Reports suggest that the city council of Kyiv, capital of Ukraine, faced with a dearth of hotels as the Euro Cupfest of 20012 approaches, is planning to allow hotel development on or near the site of Babi Yar.

At this spot, over a period of two days in September 1941, over 33,000 Ukrainians Jews were lined up along the ravine of Babi Yar and executed by the SS Einsatzcommando, assisted by Ukrainian Nazi sympathisers. Near on 100,000 more victims followed, their bodies to be tipped into the gorge below and buried.

Later, the Soviet government resisted calls for the establishment of a memorial to the dead and when one was finally erected in 1976 there was no mention that the majority of those murdered were Jewish.

Boasting bronze

Meanwhile, in Senegal, a vast bronze family ensemble rises 49 metres above Dakar, the capital. In its shadow reside the poor of a country on the very edge of starvation.

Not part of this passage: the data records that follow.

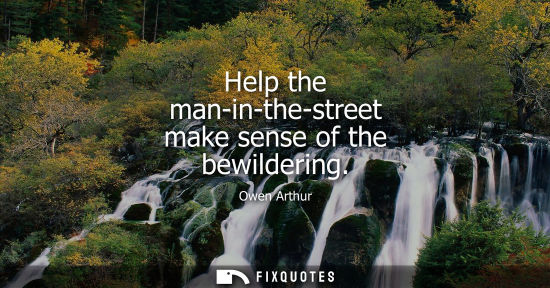 Small: Help the man-in-the-street make sense of the bewildering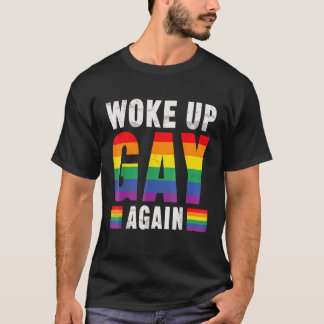 Woke Up Gay Again  Lgbt Gay Pride  Pride Month 202 T-Shirt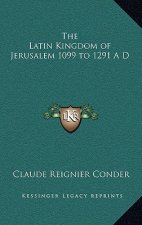 The Latin Kingdom of Jerusalem 1099 to 1291 A D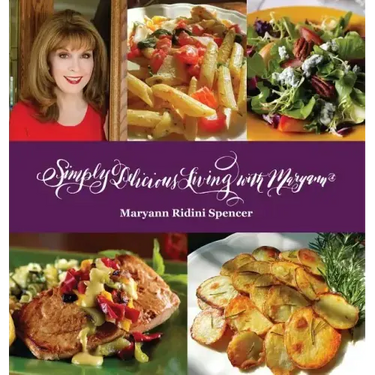 Simply Delicious Living with Maryann(R) - Entrées
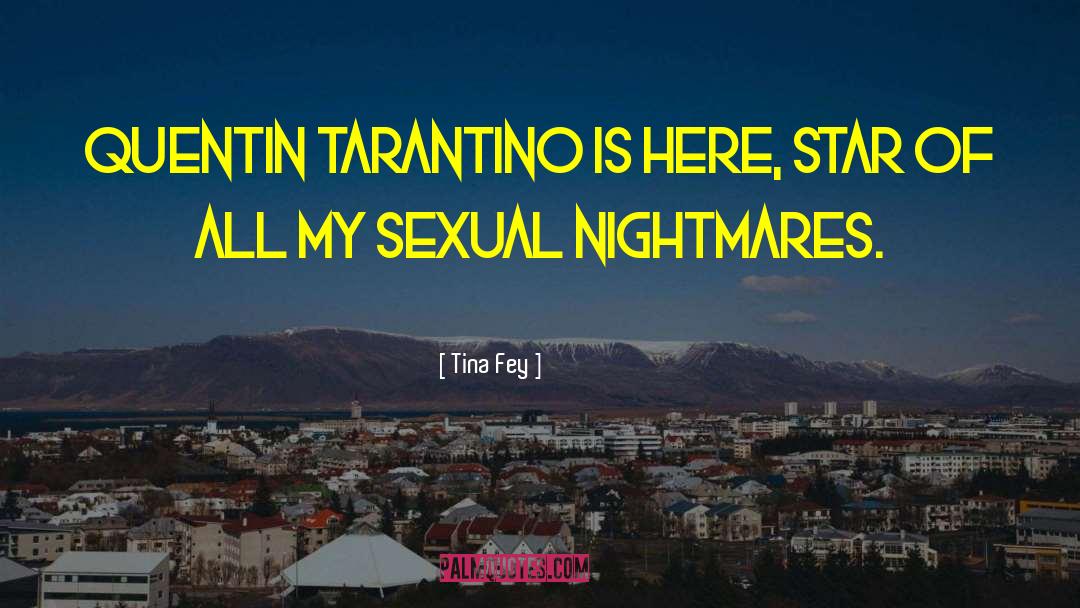 Pulp Fiction Quentin Tarantino quotes by Tina Fey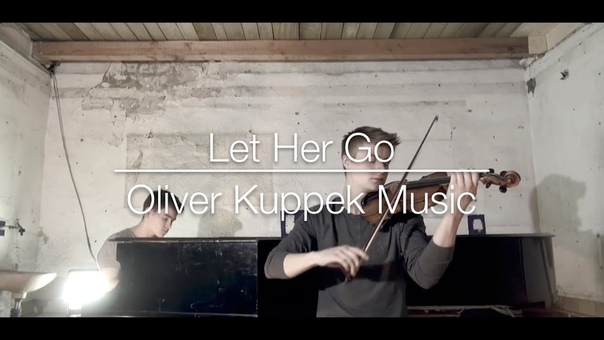 Let Her Go Passenger ( Violin and piano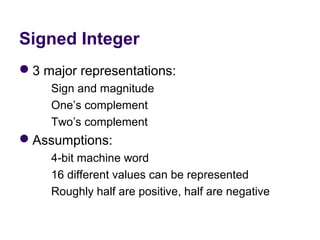 Signed Integer
3 major representations:
          Sign and magnitude
          One’s complement
          Two’s complement
Assumptions:
          4-bit machine word
          16 different values can be represented
          Roughly half are positive, half are negative
 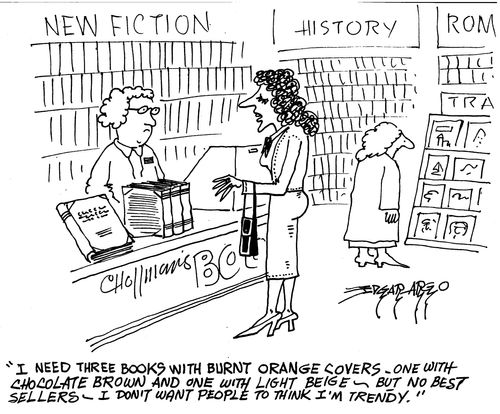 'I need three books with burnt orange covers, one with chocolate brown and one with light beige - but no best sellers. I don't want people to think I'm trendy.'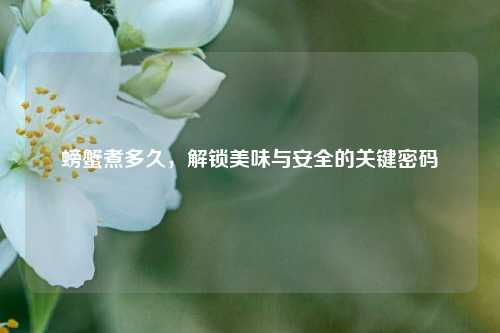 螃蟹煮多久，解锁美味与安全的关键密码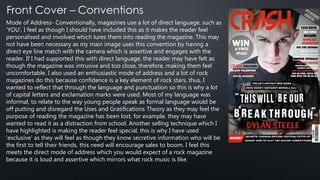 Mode of Address- Conventionally, magazines use a lot of direct language, such as
‘YOU’, I feel as though I should have included this as it makes the reader feel
personalised and involved which lures them into reading the magazine. This may
not have been necessary as my main image uses this convention by having a
direct eye line match with the camera which is assertive and engages with the
reader. If I had supported this with direct language, the reader may have felt as
though the magazine was intrusive and too close, therefore, making them feel
uncomfortable. I also used an enthusiastic mode of address and a lot of rock
magazines do this because confidence is a key element of rock stars, thus, I
wanted to reflect that through the language and punctuation so this is why a lot
of capital letters and exclamation marks were used. Most of my language was
informal, to relate to the way young people speak as formal language would be
off putting and disregard the Uses and Gratifications Theory as they may feel the
purpose of reading the magazine has been lost, for example, they may have
wanted to read it as a distraction from school. Another selling technique which I
have highlighted is making the reader feel special, this is why I have used
‘exclusive’ as they will feel as though they know secretive information who will be
the first to tell their friends, this need will encourage sales to boom. I feel this
meets the direct mode of address which you would expect of a rock magazine
because it is loud and assertive which mirrors what rock music is like.
 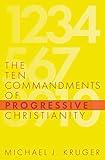 The Ten Commandments of Progressive Christianity (Cruciform Quick)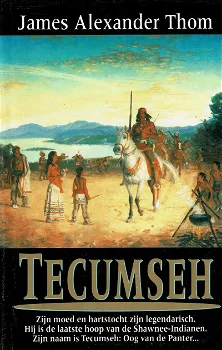 James Alexander Thom = Tecumseh - 0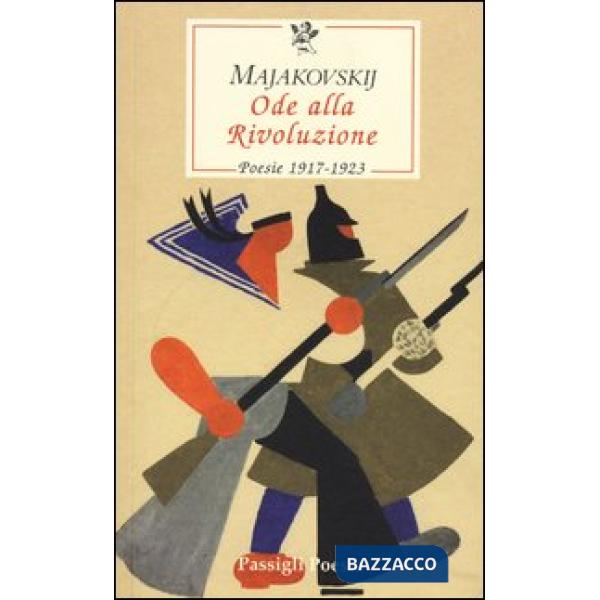 Ode alla Rivoluzione. Poesie 1917-1923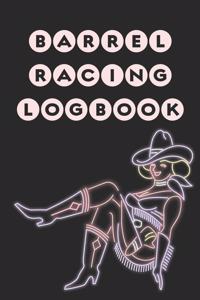 Barrel Racing Logbook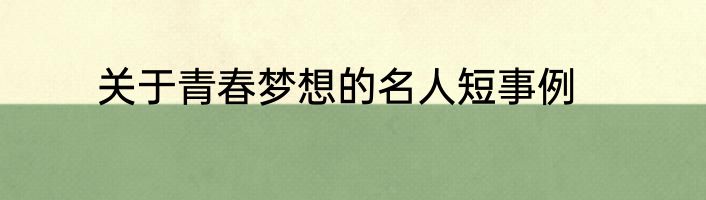 关于青春梦想的名人短事例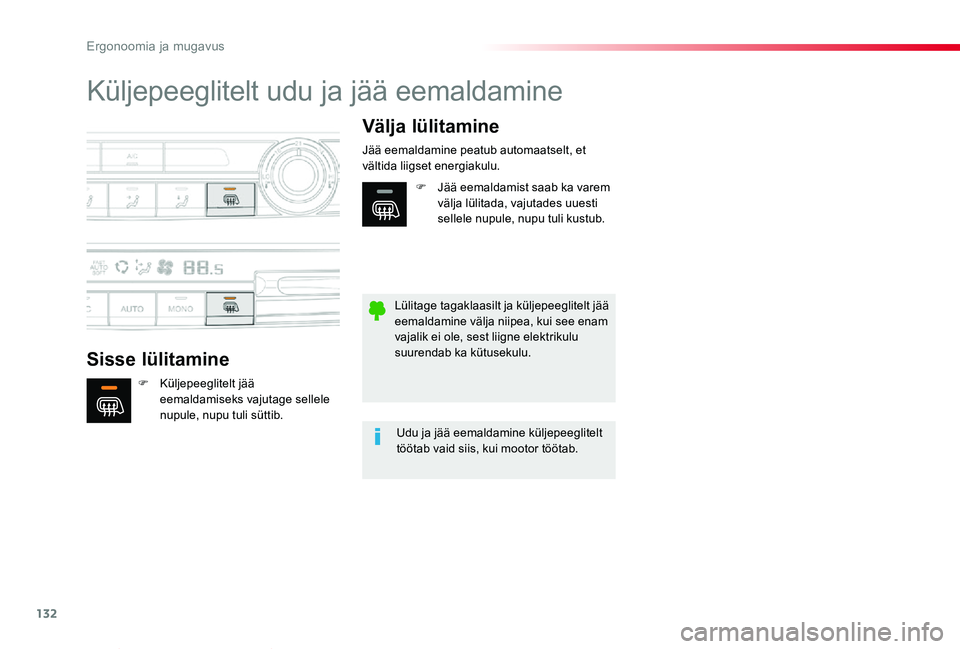 TOYOTA PROACE VERSO 2020 Kasutusjuhend (in Estonian) 132
Proace verso_et_Chap03_ergonomie-et-confort_ed2019_V02
Küljepeeglitelt udu ja jää eemaldamine
Sisse lülitamine
Välja lülitamine
F Küljepeeglitelt jää eemaldamiseks vajutage sellele nupule TOYOTA PROACE VERSO 2020 Kasutusjuhend (in Estonian) 132
Proace verso_et_Chap03_ergonomie-et-confort_ed2019_V02
Küljepeeglitelt udu ja jää eemaldamine
Sisse lülitamine
Välja lülitamine
F Küljepeeglitelt jää eemaldamiseks vajutage sellele nupule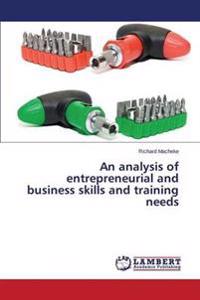 An analysis of entrepreneurial and business skills and training needs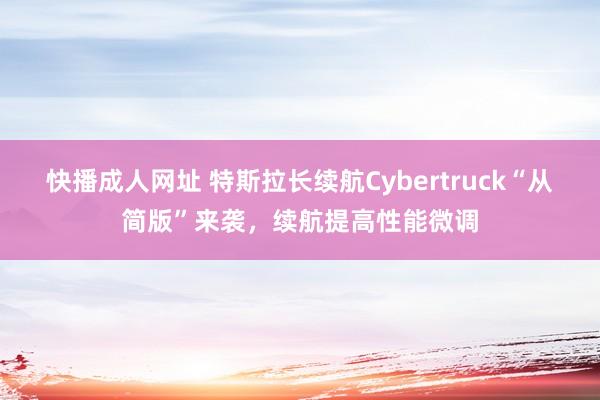 快播成人网址 特斯拉长续航Cybertruck“从简版”来袭，续航提高性能微调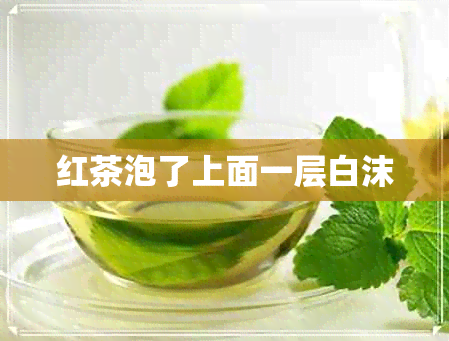 红茶泡了上面一层白沫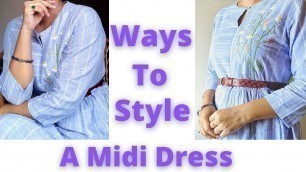 'How To Style A Midi Dress | Fashion Over 40'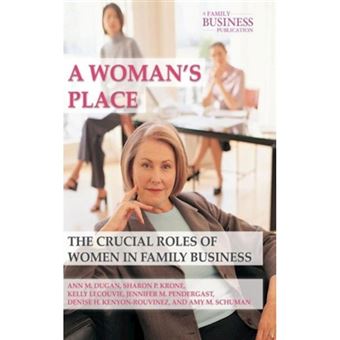 A Woman's Place - The Crucial Roles of Women in Family Business - Hardback - 2011 - 1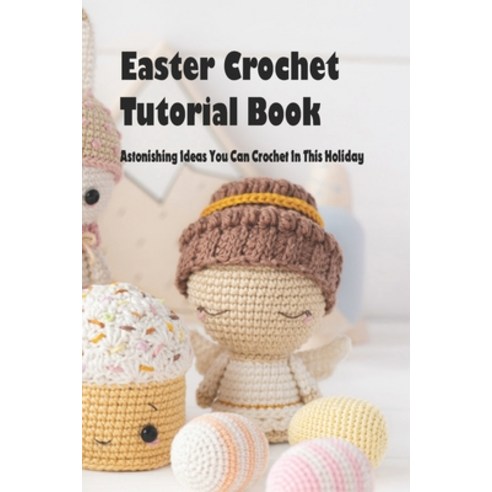 Easter Crochet Tutorial Book: Astonishing Ideas You Can Crochet In This Holiday: Crochet Patterns fo... Paperback, Independently Published, English, 9798738386596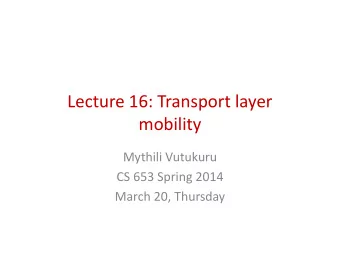 Lecture 16: Transport layer  Lecture 16: Transport layer  mobility  mobility  Mythili Vutukuru  CS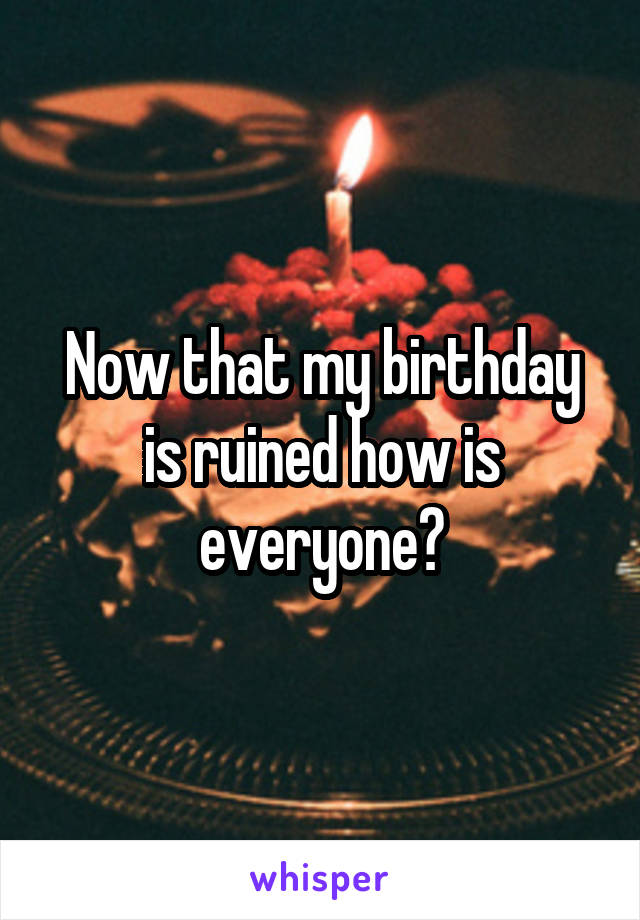 Now that my birthday is ruined how is everyone?
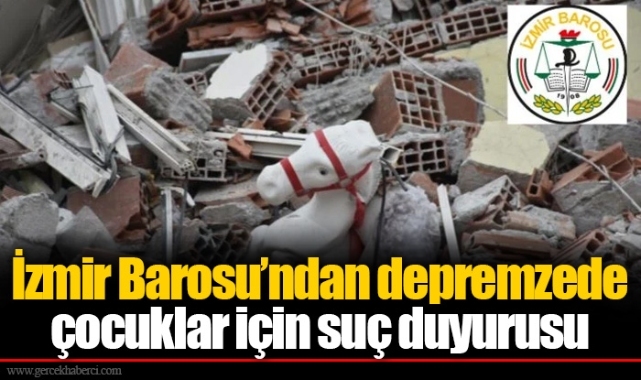 İzmir Barosu’ndan depremzede çocuklar için suç duyurusu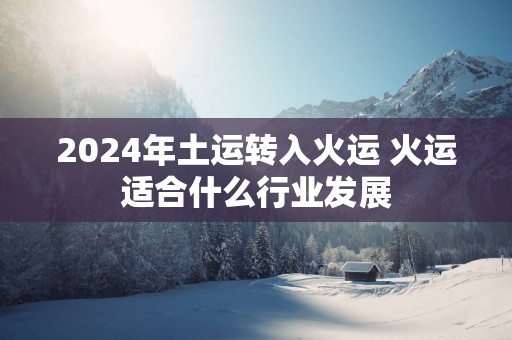 2025年土运转入火运 火运适合什么行业发展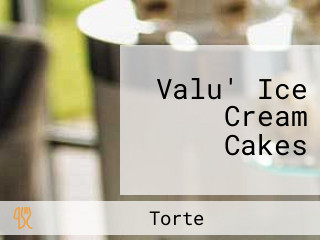 Valu' Ice Cream Cakes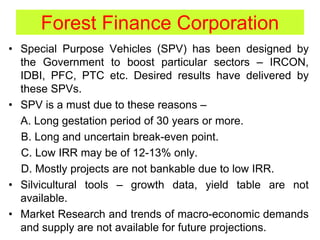 Forest Finance Corporation
• Special Purpose Vehicles (SPV) has been designed by
the Government to boost particular sectors – IRCON,
IDBI, PFC, PTC etc. Desired results have delivered by
these SPVs.
• SPV is a must due to these reasons –
A. Long gestation period of 30 years or more.
B. Long and uncertain break-even point.
C. Low IRR may be of 12-13% only.
D. Mostly projects are not bankable due to low IRR.
• Silvicultural tools – growth data, yield table are not
available.
• Market Research and trends of macro-economic demands
and supply are not available for future projections.
 
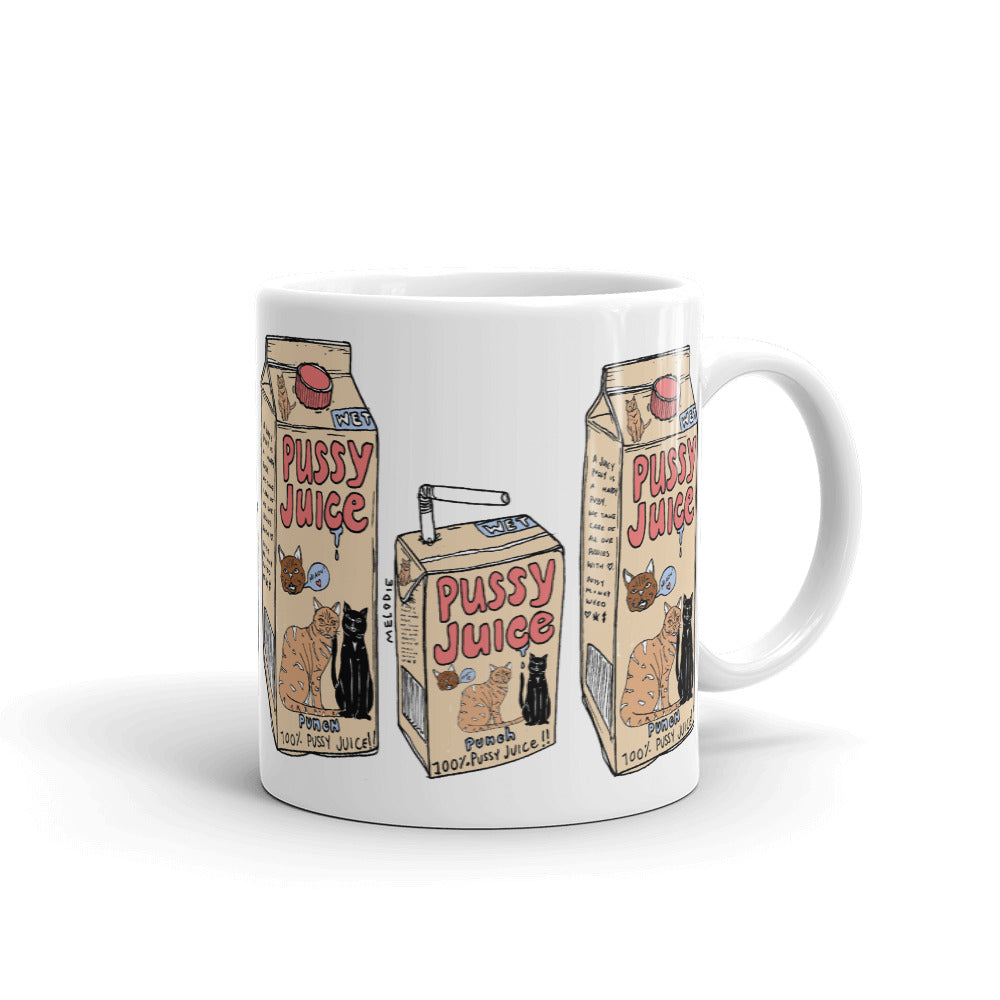 " Pussy Juice " Mug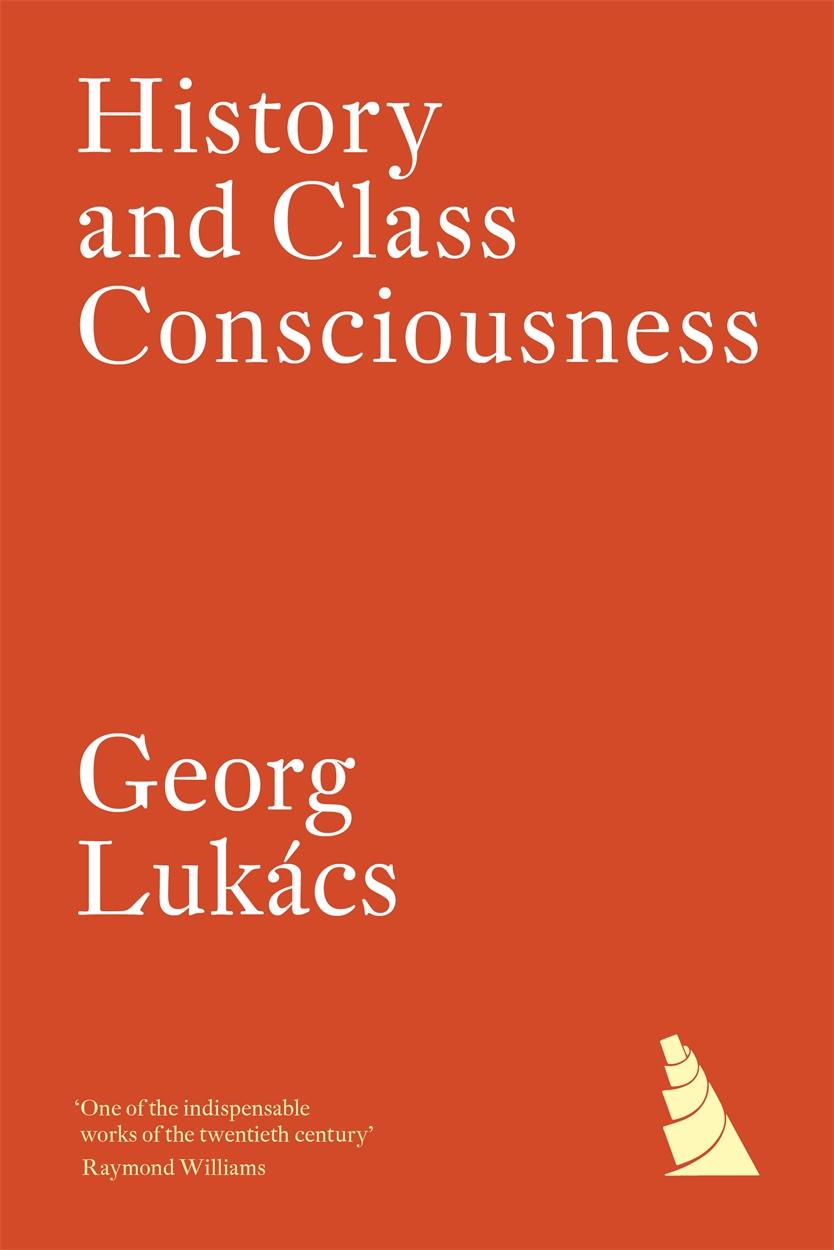 Carte History and Class Consciousness Georg Lukacs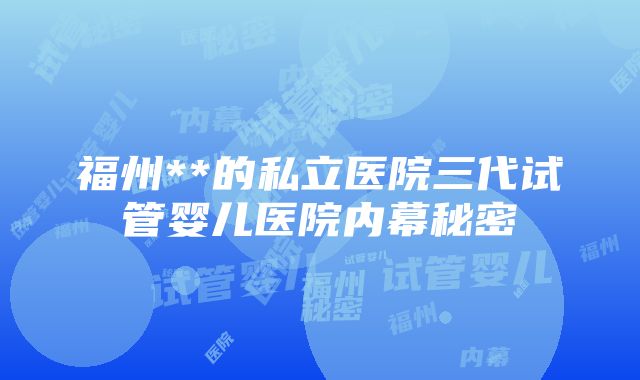 福州**的私立医院三代试管婴儿医院内幕秘密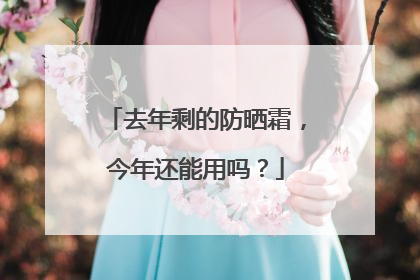 去年剩的防晒霜，今年还能用吗？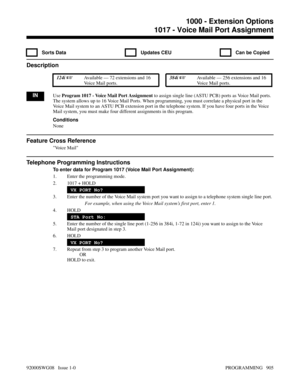 Page 9411017 - Voice Mail Port Assignment
  Sorts Data   Updates CEU   Can be Copied
Description
 124i Available — 72 extensions and 16
Voice Mail ports. 384i Available — 256 extensions and 16
Voice Mail ports.
INUse Program 1017 - Voice Mail Port Assignment to assign single line (ASTU PCB) ports as Voice Mail ports.
The system allows up to 16 Voice Mail Ports. When programming, you must correlate a physical port in the
Voice Mail system to an ASTU PCB extension port in the telephone system. If you have four...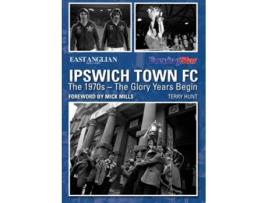 Livro Ipswich Town FC The 1970s The Glory Years Begin de Terry Hunt (Inglês)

In the case of Dakar, the purpose has not been one of remembrance but of aspiration (for Africa as a whole) over actuality, of propagandist history being written before it has happened.

Visitors to Britain cannot mistake reading in the cityscape of London the narrative of the country’s military past, the symbols of victory and conquest. Here, as elsewhere, public art speaks of priorities, values, assumptions, and sometimes of misreadings of, or at least glosses on, historical events, by the established elite.

Cueing recollection

The past, to some, may be another country, but for good or ill it is there to be exploited, commercialised, reconstructed, swathes of fact omitted, cut-and-pasted and, in all sorts of ways, faked. Nevertheless, what breaths through the record is human memory carried forward through recollection, so long as that recollection can be captured and preserved in time.

Do monuments and sacred spaces serve the aim of true remembrance? Does it matter if the Ryurik Regency, the Grand Cossack, the Shevchenko Imperial, the Pushkin Astoria, the Lobanovsky Towers eventually, as 2012 dawns, cast their ten-storey shadows over the site of Babi Yar? Surely life has to move on? The price might be history itself.

Questions of identity

The issue is not whether we should acknowledge history in case we repeat its mistakes; rather it concerns how we see ourselves in the light of history. The name Ukraine means ‘land without borders’, suggesting both the immense transformations that characterise the country’s history and doubts about a clear and recognisable identity.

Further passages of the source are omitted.